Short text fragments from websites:
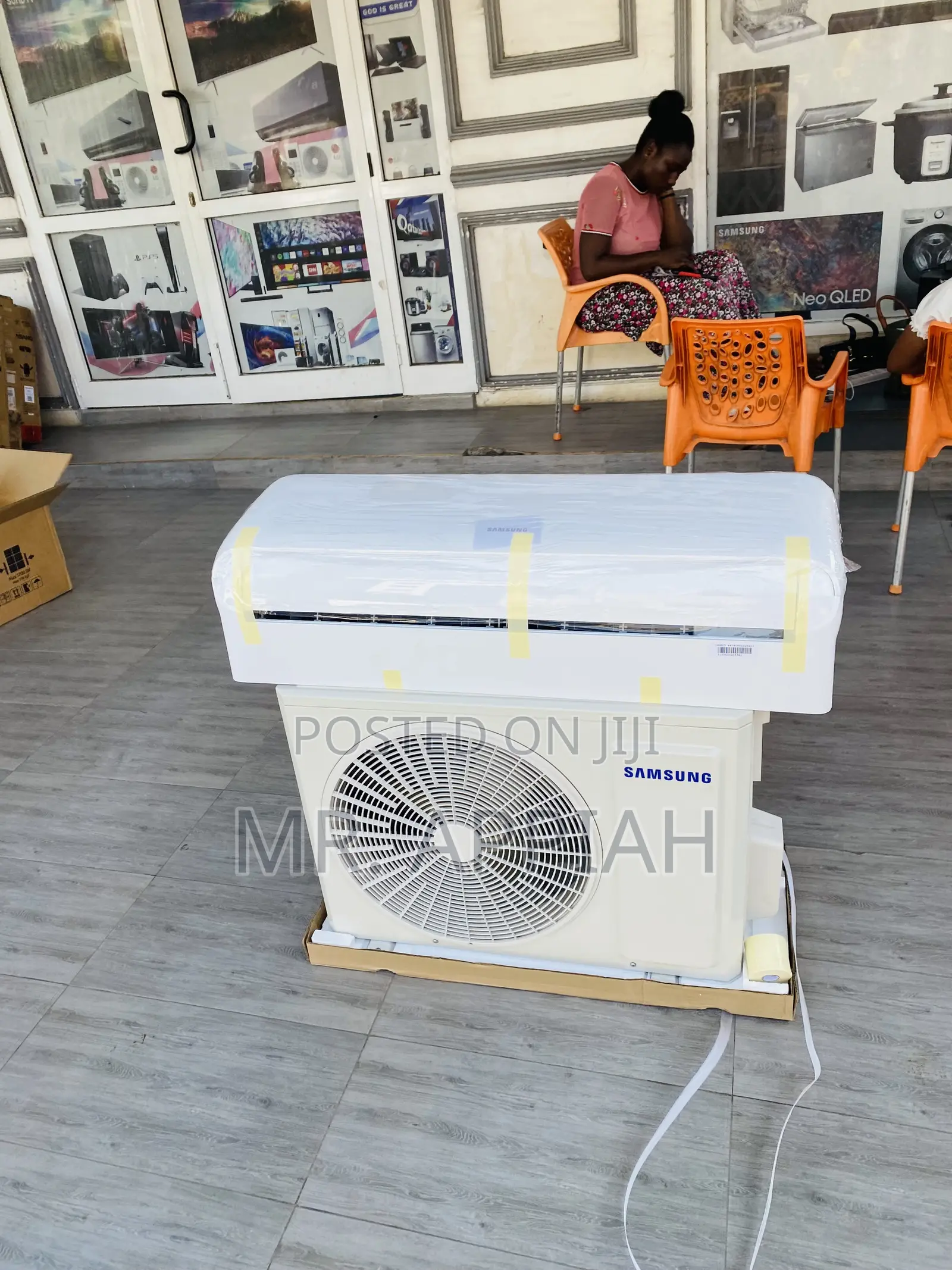 Authentic Samsung Split Type Air Conditioner(White)R410.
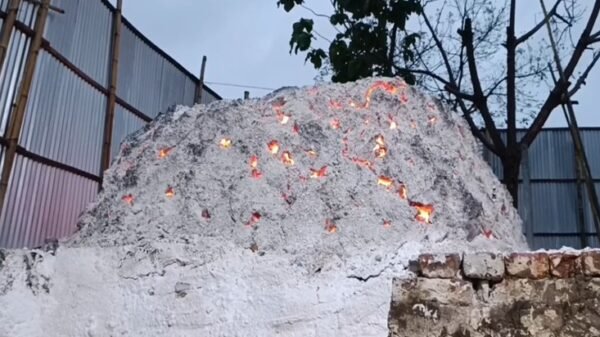 ব্রাহ্মণবাড়িয়ায় চুন কারখানায় চুরি করে পোড়ানো হচ্ছিল ৪০ লাখ টাকার গ্যাস-বাখরাবাদ গ্যাস ডিস্ট্রিবিউশনের অভিযান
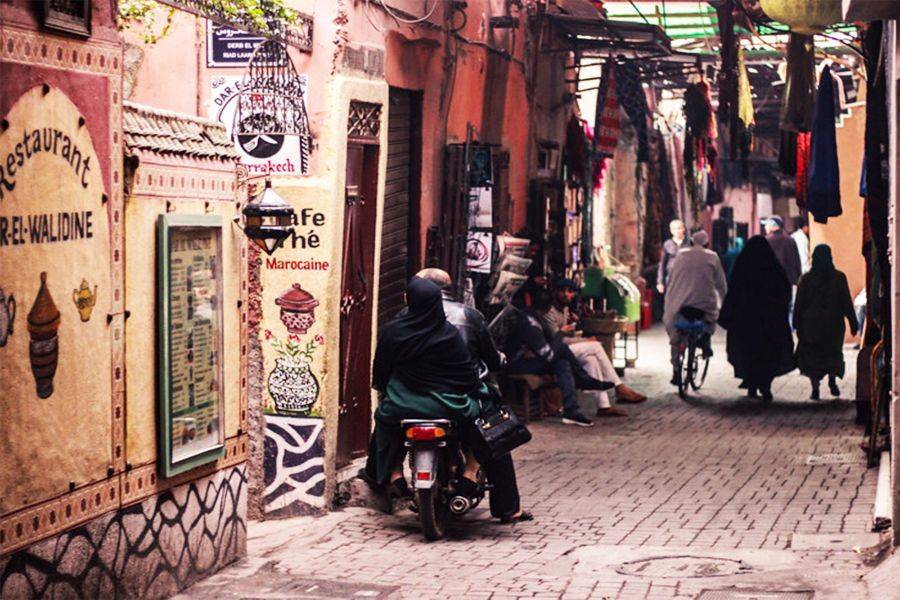 Visita a la azotea y visita a Medina con comidas en Marrakech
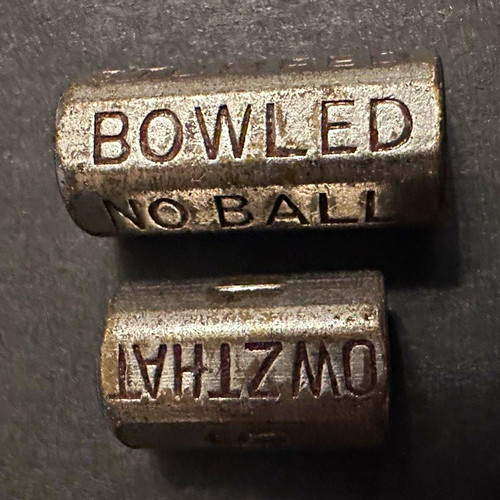 Vintage owzthat cricket - vintage,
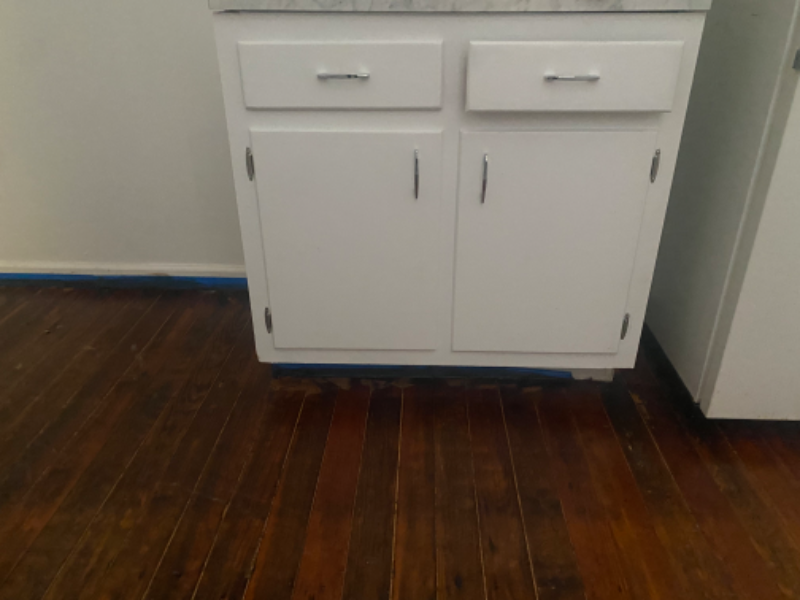 2096 Court Ave - Photo 6 of 7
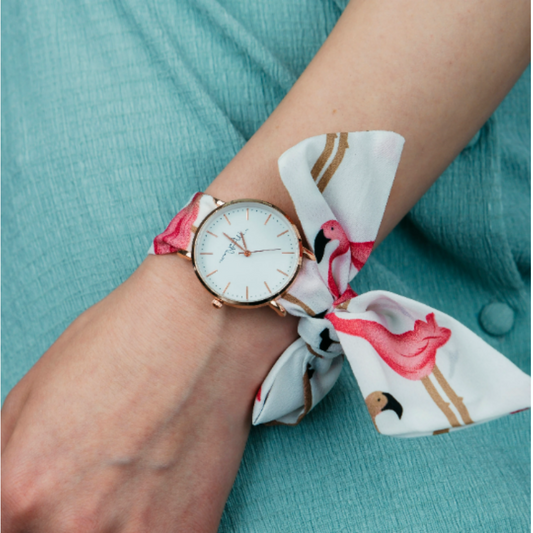 Pink Swan Cloth Wristwatch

WHAT THIS TASK INVOLVES
Return all of the records above exactly as written. Omit each picture.

RESPONSE TO THIS EXERCISE
 Authentic Samsung Split Type Air Conditioner(White)R410.
 ব্রাহ্মণবাড়িয়ায় চুন কারখানায় চুরি করে পোড়ানো হচ্ছিল ৪০ লাখ টাকার গ্যাস-বাখরাবাদ গ্যাস ডিস্ট্রিবিউশনের অভিযান
 Visita a la azotea y visita a Medina con comidas en Marrakech
 Vintage owzthat cricket - vintage,
 2096 Court Ave - Photo 6 of 7
 Pink Swan Cloth Wristwatch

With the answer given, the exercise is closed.